- Exercise goal: In the listing below, find the line containing "SHAMANIC JOURNEY •" and the line containing "Advanced Holiday Detector". Repeat exactly those two lines and every line between them.
***
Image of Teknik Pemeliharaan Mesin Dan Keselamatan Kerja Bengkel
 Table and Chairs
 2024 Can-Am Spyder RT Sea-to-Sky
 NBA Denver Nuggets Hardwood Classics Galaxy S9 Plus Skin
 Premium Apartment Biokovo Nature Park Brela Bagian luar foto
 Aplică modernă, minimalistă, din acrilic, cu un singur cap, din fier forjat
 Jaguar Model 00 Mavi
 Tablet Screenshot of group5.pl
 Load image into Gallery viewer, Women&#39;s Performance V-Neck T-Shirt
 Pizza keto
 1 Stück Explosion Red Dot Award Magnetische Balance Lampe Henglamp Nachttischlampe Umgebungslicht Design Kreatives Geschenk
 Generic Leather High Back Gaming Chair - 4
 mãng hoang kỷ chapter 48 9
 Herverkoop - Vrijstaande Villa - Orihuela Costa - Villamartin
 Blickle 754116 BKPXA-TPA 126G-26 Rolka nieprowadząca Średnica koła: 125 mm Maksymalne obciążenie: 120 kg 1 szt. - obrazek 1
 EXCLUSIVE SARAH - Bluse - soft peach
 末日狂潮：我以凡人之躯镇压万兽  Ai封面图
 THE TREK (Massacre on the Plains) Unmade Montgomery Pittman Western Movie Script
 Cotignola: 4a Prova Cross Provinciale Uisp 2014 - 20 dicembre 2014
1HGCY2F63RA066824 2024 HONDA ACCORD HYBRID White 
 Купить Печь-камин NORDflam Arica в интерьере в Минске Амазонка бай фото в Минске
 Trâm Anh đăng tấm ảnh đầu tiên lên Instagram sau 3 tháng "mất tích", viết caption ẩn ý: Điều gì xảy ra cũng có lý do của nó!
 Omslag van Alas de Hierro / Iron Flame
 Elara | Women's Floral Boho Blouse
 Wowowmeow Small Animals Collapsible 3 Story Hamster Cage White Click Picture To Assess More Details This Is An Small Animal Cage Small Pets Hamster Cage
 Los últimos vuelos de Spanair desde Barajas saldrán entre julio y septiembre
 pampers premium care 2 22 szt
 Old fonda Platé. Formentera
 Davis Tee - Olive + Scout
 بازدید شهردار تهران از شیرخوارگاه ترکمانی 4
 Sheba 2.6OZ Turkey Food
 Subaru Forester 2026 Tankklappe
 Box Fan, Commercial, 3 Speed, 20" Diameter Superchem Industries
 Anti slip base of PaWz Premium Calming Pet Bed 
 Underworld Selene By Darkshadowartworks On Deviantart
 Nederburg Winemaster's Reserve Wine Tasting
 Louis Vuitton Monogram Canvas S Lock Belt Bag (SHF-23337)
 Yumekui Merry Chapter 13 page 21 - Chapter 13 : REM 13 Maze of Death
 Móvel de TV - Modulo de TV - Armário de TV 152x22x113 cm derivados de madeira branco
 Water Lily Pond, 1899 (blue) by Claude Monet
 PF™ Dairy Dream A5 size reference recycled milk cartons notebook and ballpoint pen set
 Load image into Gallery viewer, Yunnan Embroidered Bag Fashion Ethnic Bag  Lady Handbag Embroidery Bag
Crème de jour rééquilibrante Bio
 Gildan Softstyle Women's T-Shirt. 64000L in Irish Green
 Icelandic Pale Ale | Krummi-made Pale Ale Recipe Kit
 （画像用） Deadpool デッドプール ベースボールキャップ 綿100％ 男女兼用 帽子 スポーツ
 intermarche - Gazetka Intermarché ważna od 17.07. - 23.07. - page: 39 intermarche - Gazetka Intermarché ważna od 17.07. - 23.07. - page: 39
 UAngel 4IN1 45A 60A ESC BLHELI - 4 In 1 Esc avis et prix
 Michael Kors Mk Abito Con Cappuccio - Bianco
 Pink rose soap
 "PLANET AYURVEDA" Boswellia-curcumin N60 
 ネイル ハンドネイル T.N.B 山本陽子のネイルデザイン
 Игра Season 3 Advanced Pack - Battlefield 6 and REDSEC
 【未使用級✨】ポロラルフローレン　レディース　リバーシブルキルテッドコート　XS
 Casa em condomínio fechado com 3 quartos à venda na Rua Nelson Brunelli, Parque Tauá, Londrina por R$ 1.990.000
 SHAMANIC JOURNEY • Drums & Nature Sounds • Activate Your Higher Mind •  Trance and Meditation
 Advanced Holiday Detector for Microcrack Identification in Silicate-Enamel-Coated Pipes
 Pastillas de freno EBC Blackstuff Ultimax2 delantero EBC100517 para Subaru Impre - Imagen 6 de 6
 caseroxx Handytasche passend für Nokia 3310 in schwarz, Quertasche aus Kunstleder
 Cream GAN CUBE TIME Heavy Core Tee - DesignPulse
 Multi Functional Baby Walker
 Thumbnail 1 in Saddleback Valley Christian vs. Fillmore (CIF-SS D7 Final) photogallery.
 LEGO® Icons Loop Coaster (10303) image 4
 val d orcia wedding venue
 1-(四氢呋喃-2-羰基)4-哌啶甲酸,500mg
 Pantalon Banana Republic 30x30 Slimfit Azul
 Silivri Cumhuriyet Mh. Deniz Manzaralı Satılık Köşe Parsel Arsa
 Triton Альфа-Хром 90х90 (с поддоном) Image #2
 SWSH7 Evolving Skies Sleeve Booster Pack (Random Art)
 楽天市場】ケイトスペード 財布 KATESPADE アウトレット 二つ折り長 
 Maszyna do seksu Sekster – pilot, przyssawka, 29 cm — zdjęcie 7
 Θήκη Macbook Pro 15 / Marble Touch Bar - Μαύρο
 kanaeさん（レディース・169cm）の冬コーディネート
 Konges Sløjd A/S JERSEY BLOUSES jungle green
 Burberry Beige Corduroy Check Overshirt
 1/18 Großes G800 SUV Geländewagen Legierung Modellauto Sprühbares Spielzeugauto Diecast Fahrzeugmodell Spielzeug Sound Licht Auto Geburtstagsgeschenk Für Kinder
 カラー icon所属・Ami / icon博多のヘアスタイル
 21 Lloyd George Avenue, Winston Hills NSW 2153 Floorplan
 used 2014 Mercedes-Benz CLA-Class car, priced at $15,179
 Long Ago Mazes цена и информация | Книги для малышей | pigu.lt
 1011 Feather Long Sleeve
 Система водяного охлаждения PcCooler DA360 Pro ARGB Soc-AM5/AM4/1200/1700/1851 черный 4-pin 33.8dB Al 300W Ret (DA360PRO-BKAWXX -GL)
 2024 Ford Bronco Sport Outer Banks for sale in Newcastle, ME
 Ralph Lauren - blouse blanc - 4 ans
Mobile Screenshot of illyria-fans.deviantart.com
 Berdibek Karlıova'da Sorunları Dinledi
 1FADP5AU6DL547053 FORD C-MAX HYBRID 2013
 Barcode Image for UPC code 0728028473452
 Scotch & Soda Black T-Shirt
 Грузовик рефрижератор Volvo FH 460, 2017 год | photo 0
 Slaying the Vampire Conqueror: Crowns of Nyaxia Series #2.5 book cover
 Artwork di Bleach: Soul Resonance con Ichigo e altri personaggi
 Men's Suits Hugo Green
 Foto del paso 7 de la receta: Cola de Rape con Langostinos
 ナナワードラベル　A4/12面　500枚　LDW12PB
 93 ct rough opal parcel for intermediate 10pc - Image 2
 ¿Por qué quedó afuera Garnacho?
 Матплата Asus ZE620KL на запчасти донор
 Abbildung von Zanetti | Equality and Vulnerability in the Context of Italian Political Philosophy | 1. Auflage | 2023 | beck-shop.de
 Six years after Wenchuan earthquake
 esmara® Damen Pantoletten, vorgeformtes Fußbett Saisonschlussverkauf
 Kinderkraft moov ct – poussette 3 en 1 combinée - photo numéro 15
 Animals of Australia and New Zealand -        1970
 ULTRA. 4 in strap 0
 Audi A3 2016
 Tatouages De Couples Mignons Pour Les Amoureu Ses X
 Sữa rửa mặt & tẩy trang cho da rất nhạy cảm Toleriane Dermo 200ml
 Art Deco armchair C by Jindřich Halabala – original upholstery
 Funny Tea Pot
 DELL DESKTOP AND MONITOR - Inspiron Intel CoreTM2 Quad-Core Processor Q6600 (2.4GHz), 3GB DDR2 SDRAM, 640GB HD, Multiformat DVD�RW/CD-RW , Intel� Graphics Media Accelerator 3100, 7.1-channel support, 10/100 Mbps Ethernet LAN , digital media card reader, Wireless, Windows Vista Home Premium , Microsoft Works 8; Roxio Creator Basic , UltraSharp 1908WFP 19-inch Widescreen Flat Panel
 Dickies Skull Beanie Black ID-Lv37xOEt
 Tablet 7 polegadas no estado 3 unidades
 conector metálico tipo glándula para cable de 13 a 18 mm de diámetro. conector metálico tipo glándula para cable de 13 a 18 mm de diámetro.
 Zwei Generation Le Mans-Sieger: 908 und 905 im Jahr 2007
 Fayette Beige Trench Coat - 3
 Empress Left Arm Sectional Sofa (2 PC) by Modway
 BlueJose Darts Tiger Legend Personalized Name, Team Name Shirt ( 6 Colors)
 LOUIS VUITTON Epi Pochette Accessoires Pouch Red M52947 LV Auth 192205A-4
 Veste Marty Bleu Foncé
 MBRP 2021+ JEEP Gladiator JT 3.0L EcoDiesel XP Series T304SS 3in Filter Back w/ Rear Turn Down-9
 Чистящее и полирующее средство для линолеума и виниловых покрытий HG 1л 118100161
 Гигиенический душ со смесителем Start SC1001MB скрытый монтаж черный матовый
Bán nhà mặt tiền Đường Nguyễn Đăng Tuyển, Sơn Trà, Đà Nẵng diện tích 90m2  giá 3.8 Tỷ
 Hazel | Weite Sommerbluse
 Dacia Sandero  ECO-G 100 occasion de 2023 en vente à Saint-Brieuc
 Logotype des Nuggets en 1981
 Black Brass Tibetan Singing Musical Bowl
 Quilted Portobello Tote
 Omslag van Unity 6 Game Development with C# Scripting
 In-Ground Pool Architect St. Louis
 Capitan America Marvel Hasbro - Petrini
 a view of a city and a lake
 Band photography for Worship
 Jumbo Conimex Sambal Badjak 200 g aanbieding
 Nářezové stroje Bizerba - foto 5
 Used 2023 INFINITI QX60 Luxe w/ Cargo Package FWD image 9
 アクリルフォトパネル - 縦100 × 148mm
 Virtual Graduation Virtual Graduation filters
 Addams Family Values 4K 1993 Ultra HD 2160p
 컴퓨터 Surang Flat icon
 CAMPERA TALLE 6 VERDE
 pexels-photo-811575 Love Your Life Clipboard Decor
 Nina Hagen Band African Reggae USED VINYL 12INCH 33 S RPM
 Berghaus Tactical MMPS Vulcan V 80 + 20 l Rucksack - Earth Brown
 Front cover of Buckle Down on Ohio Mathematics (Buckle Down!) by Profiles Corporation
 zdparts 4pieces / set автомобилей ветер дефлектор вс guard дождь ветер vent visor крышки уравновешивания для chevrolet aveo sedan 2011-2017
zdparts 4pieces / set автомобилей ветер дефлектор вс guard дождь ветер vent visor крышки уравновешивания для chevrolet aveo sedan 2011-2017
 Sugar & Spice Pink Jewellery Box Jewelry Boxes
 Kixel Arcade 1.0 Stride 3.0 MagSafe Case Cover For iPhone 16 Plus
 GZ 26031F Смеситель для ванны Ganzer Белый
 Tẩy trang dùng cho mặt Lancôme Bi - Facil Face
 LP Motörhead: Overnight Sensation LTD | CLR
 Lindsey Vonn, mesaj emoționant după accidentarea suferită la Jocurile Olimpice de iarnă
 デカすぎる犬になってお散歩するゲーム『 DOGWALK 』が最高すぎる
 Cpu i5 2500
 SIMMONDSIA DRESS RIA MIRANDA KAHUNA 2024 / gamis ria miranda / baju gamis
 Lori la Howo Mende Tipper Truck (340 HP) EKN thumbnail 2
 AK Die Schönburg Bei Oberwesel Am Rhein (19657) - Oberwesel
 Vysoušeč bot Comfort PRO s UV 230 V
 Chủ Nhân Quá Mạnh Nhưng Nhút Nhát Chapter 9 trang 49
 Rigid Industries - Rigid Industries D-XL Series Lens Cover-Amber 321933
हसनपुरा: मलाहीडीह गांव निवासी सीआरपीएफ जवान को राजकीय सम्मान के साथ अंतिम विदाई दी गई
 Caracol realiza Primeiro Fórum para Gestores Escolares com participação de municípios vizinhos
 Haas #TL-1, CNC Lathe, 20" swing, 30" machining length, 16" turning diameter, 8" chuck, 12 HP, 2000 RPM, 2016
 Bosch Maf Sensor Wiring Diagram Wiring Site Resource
***
- Finished task:
 SHAMANIC JOURNEY • Drums & Nature Sounds • Activate Your Higher Mind •  Trance and Meditation
 Advanced Holiday Detector for Microcrack Identification in Silicate-Enamel-Coated Pipes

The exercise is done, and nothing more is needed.